AB Testing With Continuous Outcomes (And Horribly Misspecified Priors)
As a follow up to our previous post on Bayesian A/B testing, and by way of light entertainment, we decided to share one amusing mistake we’ve made when analyzing a spate of recent A/B tests.
This is our second post on Bayesian A/B testing. If you are interested in the topic, have a look at our previous post, or at Bayesian Methods For Hackers for a great and accessible treatment of the subject (and more!).
The data
Unlike in our previous blog post, where we looked at analyzing binary (conversion/no conversion) outcomes from an A/B test, in this case we would like to look at continuous outcomes. Let’s assume that we have carried out a properly randomized A/B test, and are interested in the effect of the treatment (the change being tested) on a continuous outcome, such as time on site or order value.

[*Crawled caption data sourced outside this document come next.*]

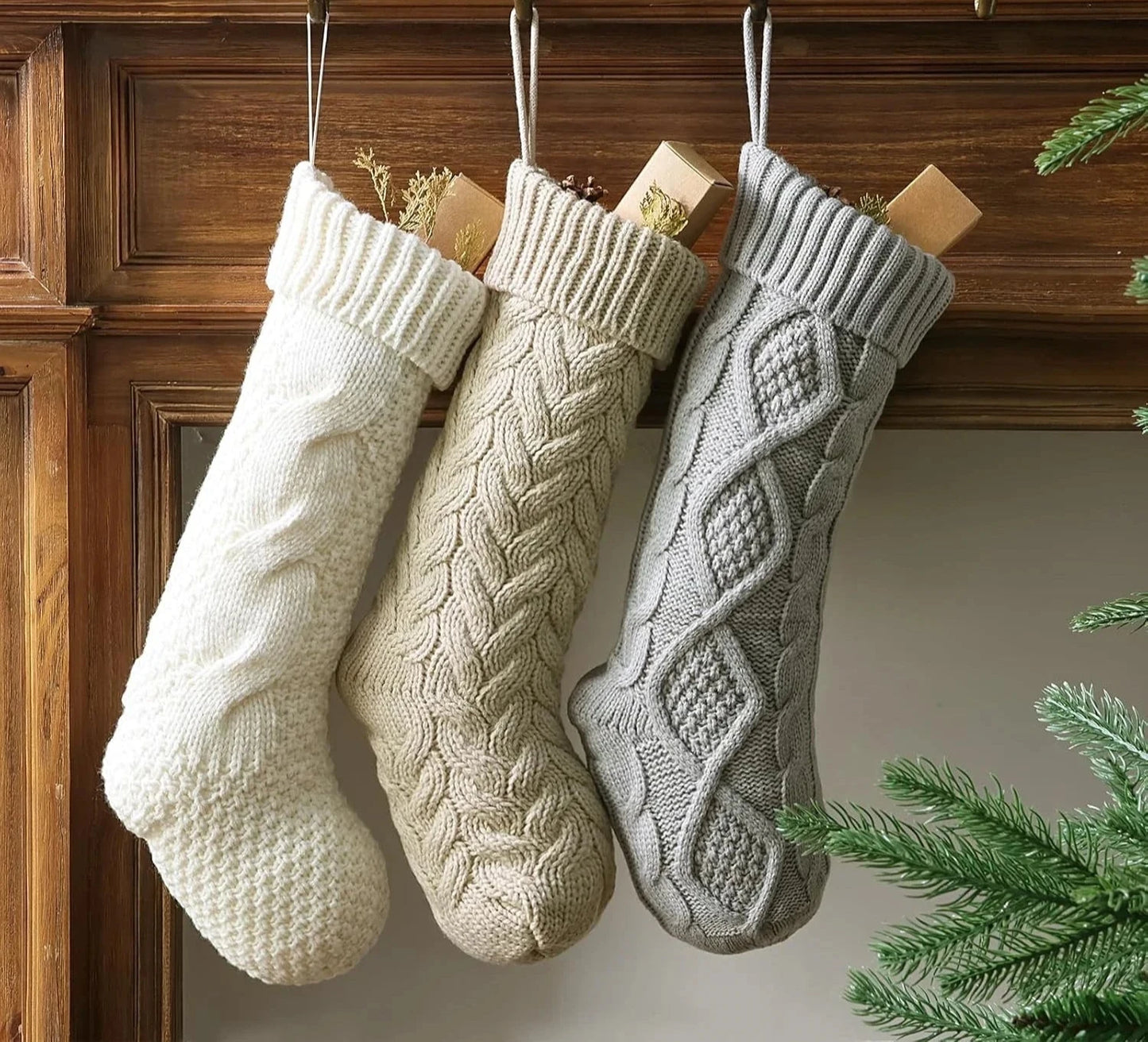 Rustic Knitted Christmas Stockings – 18-Inch Handmade Holiday Decor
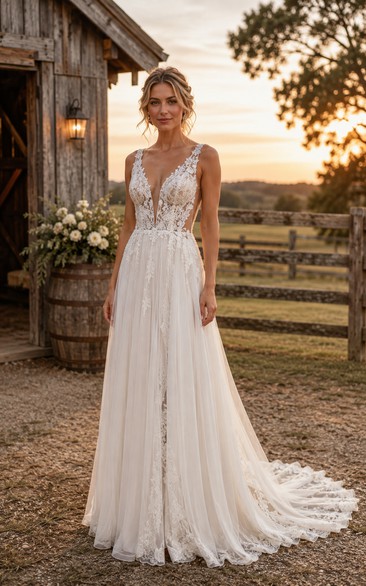 Spaghetti V-Neck A-Line Lace Country Wedding Dress with Low Back and Tulle Train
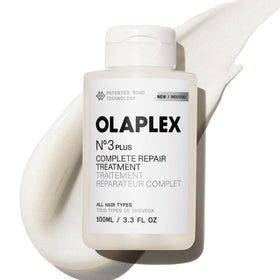 Olaplex N°.3PLUS front bottle showing clean packaging and product benefits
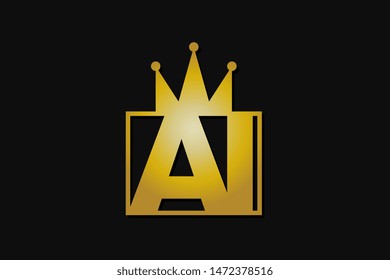 ai logo with gold crown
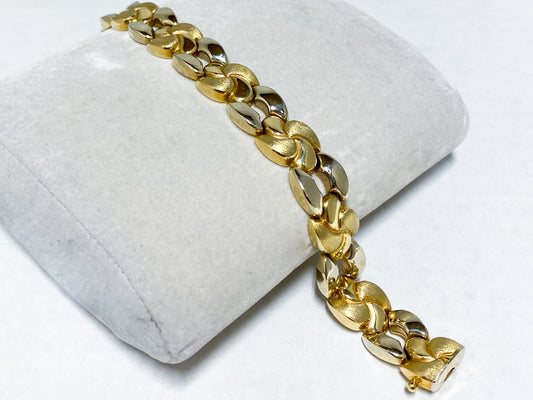 14K Gold Twist Pattern Link Bracelet - 7"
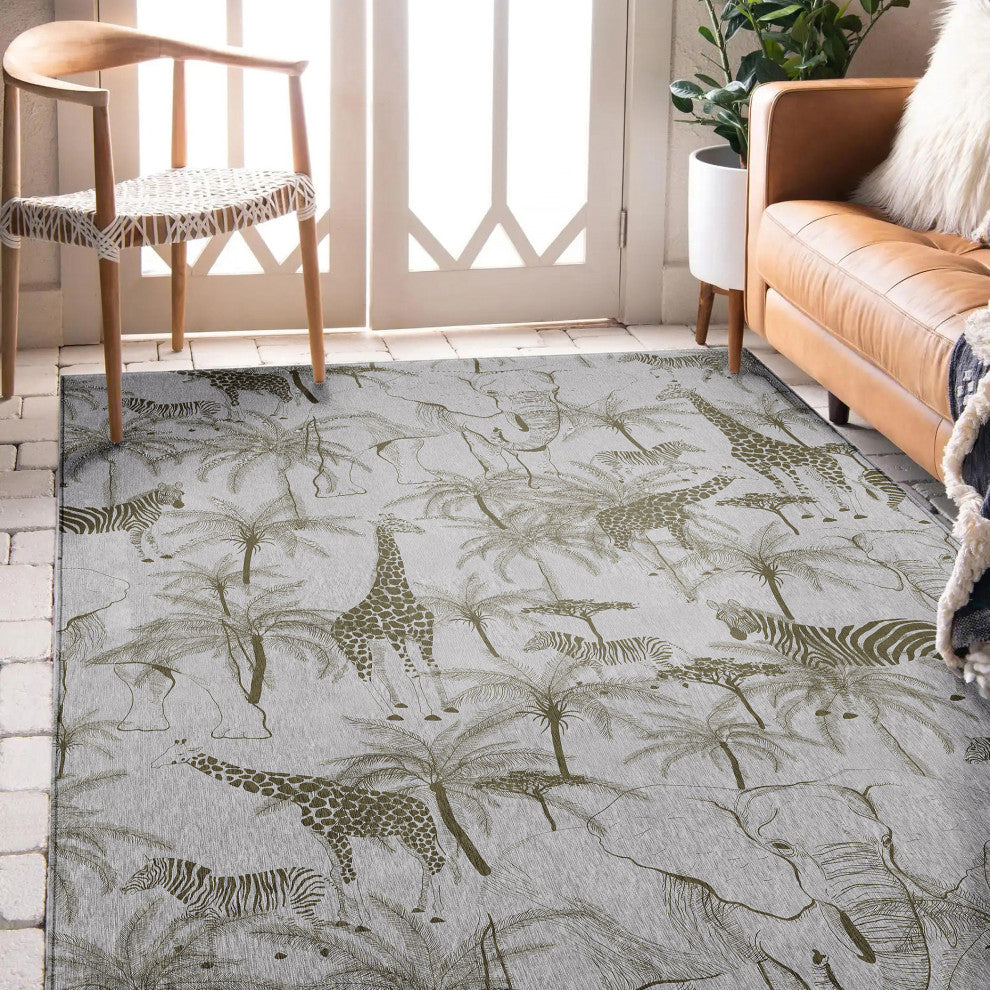 Indoor/Outdoor Tropics TC7 Grey Machine Washable 8' x 10' Rug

We can often model such data as log-normally distributed: all observations are greater than zero, and while the bulk of the data lie in a small range, there is also a fairly long right tail of extreme observations. For example, the data might look like this:
For analytical convenience we can transform log-normally distributed data into normally distributed data by taking the natural logarithm of the observations, giving us something like the following:
A normal distribution like this is described using two parameters: the mean \(\mu\) and the standard deviation \(\sigma\). While the relationship between the mean of the transformed data and the mean of the original data is slightly tricky, for simplicity we assume that all we care about here is estimating the difference between the \(\mu\) parameters of our test and control groups. (For those interested, this is a nice source for a more in-depth treatment).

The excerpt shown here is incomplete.